EXTRACTED DATA:
======

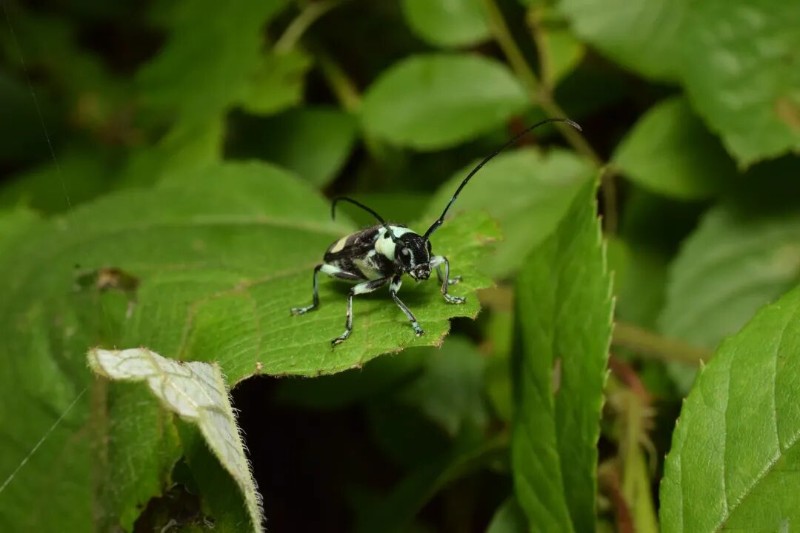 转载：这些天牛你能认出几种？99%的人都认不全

======

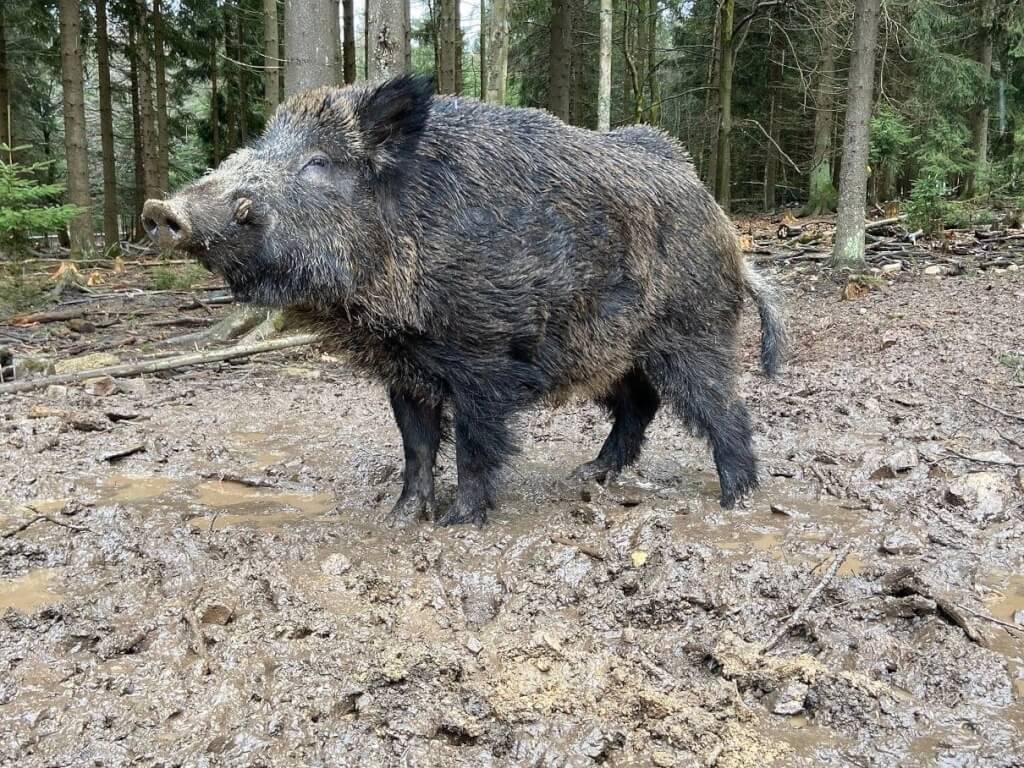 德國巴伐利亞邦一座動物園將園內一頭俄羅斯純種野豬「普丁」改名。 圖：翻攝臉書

======

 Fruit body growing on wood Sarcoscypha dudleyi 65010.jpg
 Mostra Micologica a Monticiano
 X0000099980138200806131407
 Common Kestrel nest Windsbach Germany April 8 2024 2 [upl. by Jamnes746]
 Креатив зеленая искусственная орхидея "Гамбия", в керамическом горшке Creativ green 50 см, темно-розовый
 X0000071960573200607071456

======

Please give an exact copy of the lines above, beginning with the line containing "Fruit body growing" and running through the line containing "X0000071960573200607071456", and of no other lines.

OUTPUT:
 Fruit body growing on wood Sarcoscypha dudleyi 65010.jpg
 Mostra Micologica a Monticiano
 X0000099980138200806131407
 Common Kestrel nest Windsbach Germany April 8 2024 2 [upl. by Jamnes746]
 Креатив зеленая искусственная орхидея "Гамбия", в керамическом горшке Creativ green 50 см, темно-розовый
 X0000071960573200607071456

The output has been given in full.